You only get one chance to make a first impression
You have passed the first hurdle now it is time to sell yourself in person to the prospective employer.
Your knowledge and skills are the foundation for a successful interview and you need to build on that foundation with preparation, research and communication. This guide helps you to ensure you are well prepared and show yourself in the best possible light.
Gone are the days when interviews were a one-way process for the employer to ascertain your suitability for them, it is for you to decide if they are right for you too. Preparing what you want to learn from them is key to the process. Your aim is to walk out of the interview knowing whether you want the job, rather than having questions.
The standard interview format is usually face to face however more and more employers are doing telephone or Skype interviews as an initial stage, and carrying out assessment centres to assess multiple candidates.

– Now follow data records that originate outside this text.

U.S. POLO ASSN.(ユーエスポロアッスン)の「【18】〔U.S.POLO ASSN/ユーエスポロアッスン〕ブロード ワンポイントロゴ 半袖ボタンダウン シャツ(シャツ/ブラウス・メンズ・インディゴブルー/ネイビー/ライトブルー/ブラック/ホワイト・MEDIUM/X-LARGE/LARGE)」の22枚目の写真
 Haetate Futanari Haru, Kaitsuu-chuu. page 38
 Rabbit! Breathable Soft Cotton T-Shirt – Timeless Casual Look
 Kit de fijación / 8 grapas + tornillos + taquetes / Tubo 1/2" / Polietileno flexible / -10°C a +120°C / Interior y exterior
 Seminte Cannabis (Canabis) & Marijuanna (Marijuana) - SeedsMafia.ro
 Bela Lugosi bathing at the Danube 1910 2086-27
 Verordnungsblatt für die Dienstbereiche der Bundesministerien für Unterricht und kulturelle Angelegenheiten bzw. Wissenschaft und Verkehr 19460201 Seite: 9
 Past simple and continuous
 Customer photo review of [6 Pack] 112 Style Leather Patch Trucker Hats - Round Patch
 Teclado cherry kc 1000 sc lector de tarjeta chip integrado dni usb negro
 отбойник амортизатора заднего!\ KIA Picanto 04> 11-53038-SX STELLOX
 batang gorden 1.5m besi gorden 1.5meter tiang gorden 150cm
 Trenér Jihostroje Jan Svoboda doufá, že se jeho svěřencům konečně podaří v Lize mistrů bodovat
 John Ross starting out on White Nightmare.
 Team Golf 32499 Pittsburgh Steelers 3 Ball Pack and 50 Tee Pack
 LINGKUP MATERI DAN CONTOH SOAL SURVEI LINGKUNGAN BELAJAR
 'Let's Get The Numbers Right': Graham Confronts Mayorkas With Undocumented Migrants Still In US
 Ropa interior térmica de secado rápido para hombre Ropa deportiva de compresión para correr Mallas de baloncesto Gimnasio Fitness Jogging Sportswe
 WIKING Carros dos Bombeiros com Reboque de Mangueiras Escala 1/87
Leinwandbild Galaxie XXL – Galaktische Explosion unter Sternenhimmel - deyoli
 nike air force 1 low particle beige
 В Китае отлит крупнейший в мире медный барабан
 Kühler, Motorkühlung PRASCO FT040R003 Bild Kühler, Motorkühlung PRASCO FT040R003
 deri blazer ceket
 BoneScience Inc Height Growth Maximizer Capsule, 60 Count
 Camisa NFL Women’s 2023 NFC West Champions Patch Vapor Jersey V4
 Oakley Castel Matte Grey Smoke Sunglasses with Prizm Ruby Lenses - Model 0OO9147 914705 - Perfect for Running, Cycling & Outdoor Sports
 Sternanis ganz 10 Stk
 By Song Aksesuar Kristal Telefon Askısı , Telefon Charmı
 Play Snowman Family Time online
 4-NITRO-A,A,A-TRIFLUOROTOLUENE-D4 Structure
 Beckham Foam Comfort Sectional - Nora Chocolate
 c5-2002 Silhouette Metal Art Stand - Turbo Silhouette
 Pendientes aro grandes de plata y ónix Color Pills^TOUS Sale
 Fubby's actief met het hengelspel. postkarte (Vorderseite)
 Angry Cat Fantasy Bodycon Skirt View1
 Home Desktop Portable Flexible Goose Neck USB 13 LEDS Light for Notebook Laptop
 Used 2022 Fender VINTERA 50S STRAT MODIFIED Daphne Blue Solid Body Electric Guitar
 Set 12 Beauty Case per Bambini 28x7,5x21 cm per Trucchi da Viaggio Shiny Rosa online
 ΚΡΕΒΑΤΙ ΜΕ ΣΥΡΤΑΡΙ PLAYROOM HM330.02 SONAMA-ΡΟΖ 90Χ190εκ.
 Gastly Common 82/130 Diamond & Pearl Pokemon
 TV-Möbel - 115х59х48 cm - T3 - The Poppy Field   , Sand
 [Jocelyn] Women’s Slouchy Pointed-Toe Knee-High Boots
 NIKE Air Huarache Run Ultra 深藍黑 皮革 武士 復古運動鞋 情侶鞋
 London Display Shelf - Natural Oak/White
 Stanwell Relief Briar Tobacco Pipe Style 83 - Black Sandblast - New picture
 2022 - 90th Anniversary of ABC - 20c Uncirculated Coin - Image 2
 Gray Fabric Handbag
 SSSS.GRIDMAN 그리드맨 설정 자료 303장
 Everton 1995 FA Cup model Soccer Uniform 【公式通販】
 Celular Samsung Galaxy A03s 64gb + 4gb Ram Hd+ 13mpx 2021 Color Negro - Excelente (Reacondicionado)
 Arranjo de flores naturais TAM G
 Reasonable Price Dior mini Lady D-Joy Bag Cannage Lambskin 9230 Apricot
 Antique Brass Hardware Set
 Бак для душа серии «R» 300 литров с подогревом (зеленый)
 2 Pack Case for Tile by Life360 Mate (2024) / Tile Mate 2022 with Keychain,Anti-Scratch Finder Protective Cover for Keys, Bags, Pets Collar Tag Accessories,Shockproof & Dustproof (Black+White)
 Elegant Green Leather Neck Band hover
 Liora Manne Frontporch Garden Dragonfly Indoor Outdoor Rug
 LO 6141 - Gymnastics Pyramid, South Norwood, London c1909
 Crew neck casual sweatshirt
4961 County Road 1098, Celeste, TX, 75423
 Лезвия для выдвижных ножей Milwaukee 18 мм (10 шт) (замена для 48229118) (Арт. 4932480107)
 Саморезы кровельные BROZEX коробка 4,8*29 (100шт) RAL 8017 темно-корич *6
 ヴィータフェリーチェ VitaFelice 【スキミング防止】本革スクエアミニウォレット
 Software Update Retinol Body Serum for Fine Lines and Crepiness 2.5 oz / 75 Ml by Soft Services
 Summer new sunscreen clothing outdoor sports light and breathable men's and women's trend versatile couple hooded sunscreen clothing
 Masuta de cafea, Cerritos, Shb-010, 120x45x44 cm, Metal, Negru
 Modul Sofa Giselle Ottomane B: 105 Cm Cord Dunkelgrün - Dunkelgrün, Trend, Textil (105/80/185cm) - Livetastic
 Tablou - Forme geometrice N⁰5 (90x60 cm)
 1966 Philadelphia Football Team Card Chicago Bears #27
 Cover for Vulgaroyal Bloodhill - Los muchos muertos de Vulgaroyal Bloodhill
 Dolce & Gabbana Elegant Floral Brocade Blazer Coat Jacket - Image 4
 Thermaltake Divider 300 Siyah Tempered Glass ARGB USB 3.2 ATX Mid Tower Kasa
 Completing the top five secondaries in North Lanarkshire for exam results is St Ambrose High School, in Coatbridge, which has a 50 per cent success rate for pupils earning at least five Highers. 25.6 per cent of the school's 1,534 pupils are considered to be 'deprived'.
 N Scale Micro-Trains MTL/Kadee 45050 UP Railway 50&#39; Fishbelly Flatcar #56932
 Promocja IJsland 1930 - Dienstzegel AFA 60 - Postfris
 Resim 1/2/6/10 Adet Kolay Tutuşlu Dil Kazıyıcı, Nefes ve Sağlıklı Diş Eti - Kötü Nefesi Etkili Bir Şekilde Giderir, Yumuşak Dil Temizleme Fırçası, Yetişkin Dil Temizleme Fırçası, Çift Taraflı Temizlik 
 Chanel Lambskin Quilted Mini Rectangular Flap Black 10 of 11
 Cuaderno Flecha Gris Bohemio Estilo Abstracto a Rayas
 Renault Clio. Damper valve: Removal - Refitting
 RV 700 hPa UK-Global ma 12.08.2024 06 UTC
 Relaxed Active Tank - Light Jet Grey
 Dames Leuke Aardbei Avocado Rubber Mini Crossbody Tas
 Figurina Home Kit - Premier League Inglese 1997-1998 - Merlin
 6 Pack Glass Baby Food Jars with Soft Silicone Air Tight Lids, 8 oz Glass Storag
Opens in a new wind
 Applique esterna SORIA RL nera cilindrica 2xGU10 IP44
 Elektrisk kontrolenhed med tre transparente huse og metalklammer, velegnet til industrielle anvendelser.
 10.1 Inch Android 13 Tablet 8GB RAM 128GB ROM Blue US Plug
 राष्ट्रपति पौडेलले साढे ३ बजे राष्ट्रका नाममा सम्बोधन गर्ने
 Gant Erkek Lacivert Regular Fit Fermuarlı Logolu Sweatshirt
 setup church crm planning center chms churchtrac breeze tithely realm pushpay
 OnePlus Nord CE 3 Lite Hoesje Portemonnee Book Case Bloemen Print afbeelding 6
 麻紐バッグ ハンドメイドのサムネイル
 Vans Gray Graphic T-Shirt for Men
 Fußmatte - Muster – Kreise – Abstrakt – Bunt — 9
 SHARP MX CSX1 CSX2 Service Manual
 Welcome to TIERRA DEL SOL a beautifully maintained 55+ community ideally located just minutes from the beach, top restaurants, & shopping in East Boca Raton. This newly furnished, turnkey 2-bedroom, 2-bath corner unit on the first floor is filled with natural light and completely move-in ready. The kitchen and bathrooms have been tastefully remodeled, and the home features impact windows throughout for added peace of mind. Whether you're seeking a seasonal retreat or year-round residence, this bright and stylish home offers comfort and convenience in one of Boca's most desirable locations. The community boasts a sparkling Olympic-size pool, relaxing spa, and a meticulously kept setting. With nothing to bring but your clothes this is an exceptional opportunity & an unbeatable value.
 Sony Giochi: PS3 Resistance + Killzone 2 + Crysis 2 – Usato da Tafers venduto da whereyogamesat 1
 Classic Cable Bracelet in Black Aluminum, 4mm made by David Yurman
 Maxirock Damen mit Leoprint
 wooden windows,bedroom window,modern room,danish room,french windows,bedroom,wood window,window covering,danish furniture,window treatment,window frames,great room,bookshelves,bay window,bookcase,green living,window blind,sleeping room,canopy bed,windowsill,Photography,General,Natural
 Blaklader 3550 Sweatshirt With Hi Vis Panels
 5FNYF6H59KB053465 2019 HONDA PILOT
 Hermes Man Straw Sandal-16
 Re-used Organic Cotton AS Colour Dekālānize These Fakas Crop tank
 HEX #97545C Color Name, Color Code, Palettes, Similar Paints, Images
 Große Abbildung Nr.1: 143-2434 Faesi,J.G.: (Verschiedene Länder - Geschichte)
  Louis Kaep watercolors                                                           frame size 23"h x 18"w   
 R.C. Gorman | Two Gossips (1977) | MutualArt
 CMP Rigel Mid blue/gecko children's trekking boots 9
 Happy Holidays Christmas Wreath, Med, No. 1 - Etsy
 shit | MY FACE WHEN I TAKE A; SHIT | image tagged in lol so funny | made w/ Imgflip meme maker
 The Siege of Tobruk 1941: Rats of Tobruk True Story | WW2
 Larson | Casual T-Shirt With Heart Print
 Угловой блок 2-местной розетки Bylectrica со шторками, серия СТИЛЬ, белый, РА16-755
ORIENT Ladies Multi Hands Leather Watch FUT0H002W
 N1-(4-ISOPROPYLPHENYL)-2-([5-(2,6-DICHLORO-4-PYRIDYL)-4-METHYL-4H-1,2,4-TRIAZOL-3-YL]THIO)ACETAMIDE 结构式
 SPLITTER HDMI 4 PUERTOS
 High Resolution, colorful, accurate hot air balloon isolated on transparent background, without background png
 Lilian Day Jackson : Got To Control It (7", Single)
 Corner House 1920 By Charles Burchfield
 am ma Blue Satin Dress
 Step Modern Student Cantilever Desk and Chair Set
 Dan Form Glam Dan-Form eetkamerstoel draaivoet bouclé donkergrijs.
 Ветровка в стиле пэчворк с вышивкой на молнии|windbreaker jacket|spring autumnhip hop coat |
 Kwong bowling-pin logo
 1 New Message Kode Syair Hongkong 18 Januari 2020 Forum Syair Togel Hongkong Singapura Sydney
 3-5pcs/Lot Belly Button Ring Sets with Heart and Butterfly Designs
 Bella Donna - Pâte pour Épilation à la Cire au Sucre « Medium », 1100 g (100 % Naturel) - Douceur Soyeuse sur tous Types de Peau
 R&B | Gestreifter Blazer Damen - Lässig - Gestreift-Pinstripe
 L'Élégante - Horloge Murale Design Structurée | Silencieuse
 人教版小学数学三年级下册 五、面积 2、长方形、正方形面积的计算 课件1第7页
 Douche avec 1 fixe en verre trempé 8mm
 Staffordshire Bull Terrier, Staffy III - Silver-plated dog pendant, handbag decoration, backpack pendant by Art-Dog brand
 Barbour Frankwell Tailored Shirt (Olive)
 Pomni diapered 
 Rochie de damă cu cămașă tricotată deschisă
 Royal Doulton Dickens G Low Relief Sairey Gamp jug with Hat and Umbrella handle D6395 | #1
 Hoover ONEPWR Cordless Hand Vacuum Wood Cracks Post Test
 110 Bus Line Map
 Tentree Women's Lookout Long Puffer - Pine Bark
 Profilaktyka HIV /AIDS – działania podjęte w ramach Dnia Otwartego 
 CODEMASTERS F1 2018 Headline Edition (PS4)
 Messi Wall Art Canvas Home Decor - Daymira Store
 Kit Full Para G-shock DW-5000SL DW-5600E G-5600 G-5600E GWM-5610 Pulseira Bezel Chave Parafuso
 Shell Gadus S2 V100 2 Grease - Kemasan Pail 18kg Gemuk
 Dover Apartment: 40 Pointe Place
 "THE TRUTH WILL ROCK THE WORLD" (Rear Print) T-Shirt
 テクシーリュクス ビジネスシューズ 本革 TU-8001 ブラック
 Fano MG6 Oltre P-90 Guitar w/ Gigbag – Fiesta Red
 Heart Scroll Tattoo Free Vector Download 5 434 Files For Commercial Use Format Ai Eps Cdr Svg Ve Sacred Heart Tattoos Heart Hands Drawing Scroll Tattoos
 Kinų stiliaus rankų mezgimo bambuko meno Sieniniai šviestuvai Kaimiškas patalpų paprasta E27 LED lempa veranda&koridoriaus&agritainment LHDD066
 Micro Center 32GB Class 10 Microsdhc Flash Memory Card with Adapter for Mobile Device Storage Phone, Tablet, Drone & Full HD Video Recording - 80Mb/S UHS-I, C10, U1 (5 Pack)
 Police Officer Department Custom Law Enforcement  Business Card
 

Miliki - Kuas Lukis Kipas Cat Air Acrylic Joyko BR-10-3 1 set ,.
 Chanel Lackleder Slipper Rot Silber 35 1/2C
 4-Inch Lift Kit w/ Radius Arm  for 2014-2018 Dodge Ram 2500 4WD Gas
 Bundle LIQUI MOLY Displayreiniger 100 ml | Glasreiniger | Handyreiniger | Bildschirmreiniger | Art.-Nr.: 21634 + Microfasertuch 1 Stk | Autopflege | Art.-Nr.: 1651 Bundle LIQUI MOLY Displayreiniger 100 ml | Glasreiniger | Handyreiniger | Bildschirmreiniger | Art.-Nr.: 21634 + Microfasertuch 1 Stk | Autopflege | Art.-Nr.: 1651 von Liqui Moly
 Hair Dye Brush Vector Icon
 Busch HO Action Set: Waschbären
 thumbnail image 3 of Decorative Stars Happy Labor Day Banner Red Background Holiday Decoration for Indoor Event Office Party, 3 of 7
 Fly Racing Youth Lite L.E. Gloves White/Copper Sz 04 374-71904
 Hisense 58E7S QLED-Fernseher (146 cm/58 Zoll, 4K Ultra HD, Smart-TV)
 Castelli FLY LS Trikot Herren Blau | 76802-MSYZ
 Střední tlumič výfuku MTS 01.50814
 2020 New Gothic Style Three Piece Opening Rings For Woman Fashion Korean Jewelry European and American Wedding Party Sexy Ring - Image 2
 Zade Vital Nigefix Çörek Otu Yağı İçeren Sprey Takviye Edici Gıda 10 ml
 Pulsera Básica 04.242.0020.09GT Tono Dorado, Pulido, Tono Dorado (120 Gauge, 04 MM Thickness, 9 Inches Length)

Often a telephone interview will be an initial tool to ascertain interest and suitability on both parts. They can take the form of a short information gathering interview where the interviewer does a basic CV walk through discussing your experience and the role with you. Alternatively it can be a technical interview to ensure that you have the key skills required to take the process further.
Skype interviews are a convenient way for employers to see and speak to you to ascertain your suitability for a role. The benefits for you include flexibility in terms of location, time-saving and no travel costs.
During a face to face interview it is much easier for the employer to gauge how you deal with particular situations and how you would fit in their team as they can interact directly with you. There may be a tour involved, which gives you the opportunity to see the work environment and gives them the chance to interact with you in a less formal setting.
Assessment centres will often last for a half day or a whole day and so can be quite intense and potentially tiring, so be prepared. This format usually includes one-to-one interviews, group tasks or activities, testing, assessment exercises and often presentations. Each candidate is assessed on their performance in each part of the assessment, including their individual contribution during the group tasks and how they interact as part of a group. You only get one chance to make a first impression and they really do count, so make it a good one!
Ensure that you have researched the company well and understand fully who they are and what they do. Look through their website in detail to get a clear picture of their business, markets, customers, products and technology etc.
Prepare a high-level overview of the company that you can deliver when asked what you know about them. Always avoid quoting verbatim from their website, this sounds unnatural and they will pick up on it.
If they have a News or Publications section on their website, read through it as this will give you information about recent wins, projects, acquisitions or appointments and potential discussion points during the interview. It looks very good if you can talk about a recent project or client win of theirs during the interview.
Ensure you know who you will be meeting at the interview and do some research on them as well. Go on Linkedin to look at their profile, sometimes this can create talking points during the interview for example if you went to the same university, worked at the same company, similar route of progression etc. This can help build rapport.
Go through the job spec and on your CV, identify where your skills match their requirements so that you can highlight this during the interview. Perhaps even prepare some examples of projects or responsibilities that are most relevant to them.
Prepare for all of the standard interview questions shown below and wherever possible try to give an example as part of your answer. So if you are asked “how do you deal with conflict?” give an example of a time that you have had to do this including the situation, the action you took and what the positive outcome was. This allows you to demonstrate that not only can you do what they’ve asked but that you have done so successfully in the past.
Ensure that you also prepare a list of questions to ask them, as you will usually be invited to do so at the end of the interview. These questions should be intelligent and show you are engaged in the process, making you stand out from the other candidates. Therefore it is best to avoid asking about work hours, holidays and benefits and focus on career opportunities and company strategy instead.
At the close of the interview it is a good idea to ask the interviewer if they have any concerns about your suitability for the role. This gives them the opportunity to tell you if they see a potential area of weakness and gives you the chance to cover this and hopefully overcome the concern. If this is too direct for you, an alternative is to ask them if they need any further information from you to establish your suitability.